AVAILABLE RECORDS below:

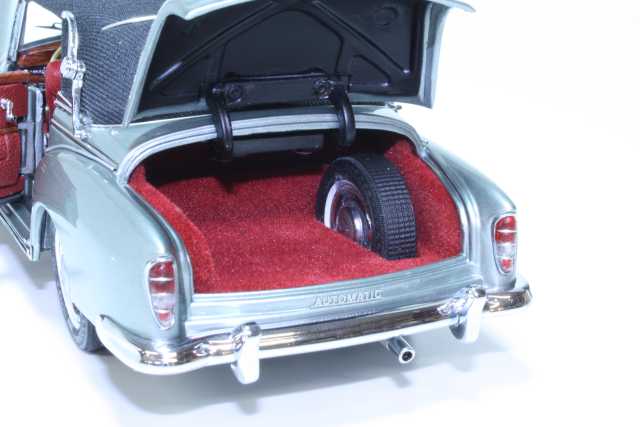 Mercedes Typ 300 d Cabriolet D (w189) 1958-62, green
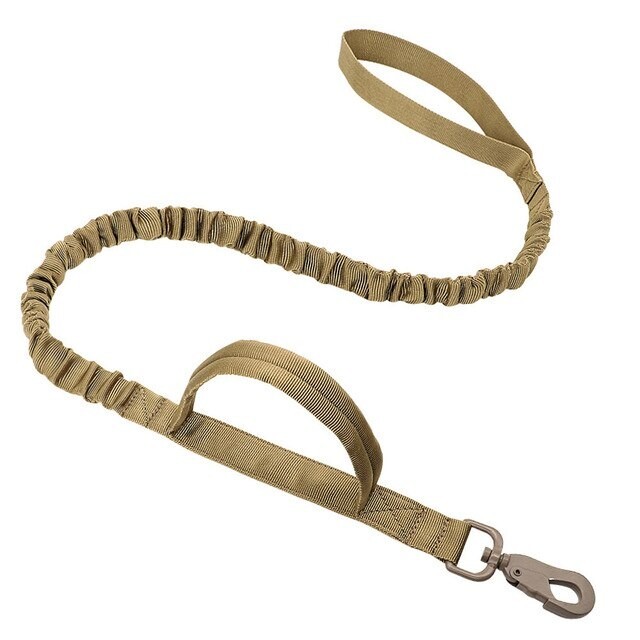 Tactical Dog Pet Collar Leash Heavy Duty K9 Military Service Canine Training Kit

End of AVAILABLE RECORDS.
AVAILABLE RECORDS below:

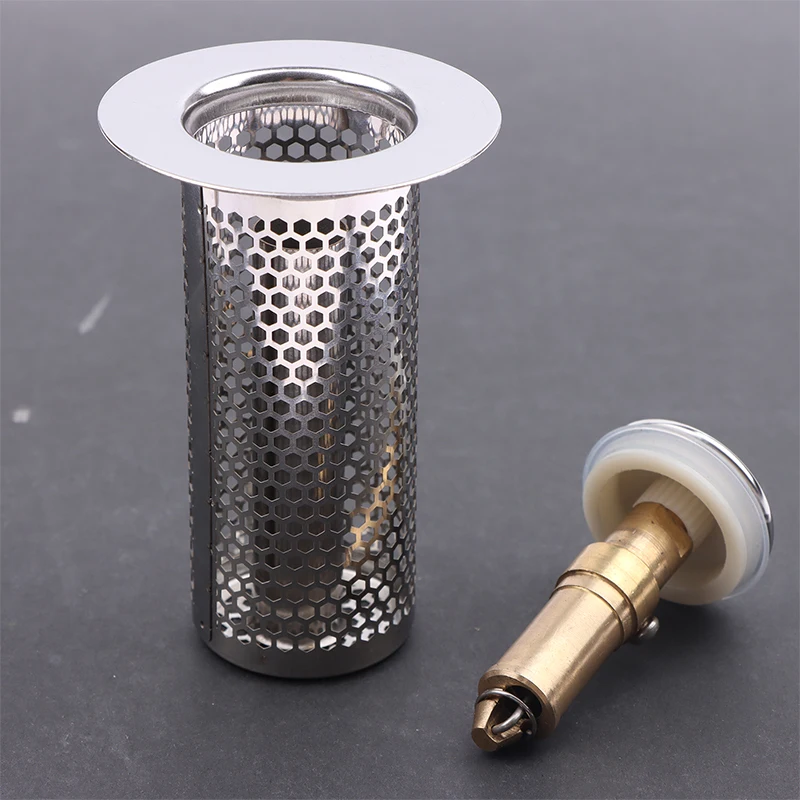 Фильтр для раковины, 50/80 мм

End of AVAILABLE RECORDS.
AVAILABLE RECORDS below:

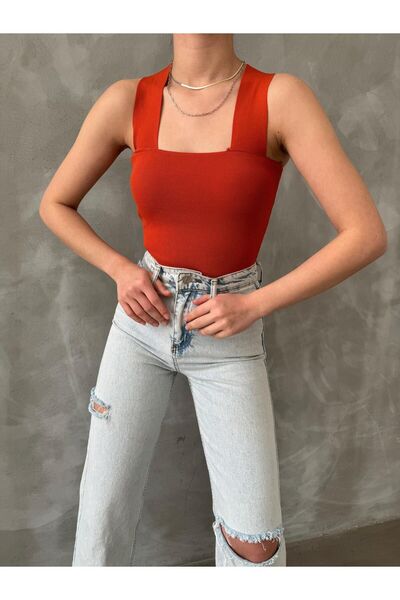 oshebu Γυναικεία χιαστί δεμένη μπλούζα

End of AVAILABLE RECORDS.

All lines above from the one containing "Mercedes Typ 300" up to and including the one containing "Tactical Dog Pet" are to be set down exactly, and nothing else. Leave images out.

 Mercedes Typ 300 d Cabriolet D (w189) 1958-62, green
 Tactical Dog Pet Collar Leash Heavy Duty K9 Military Service Canine Training Kit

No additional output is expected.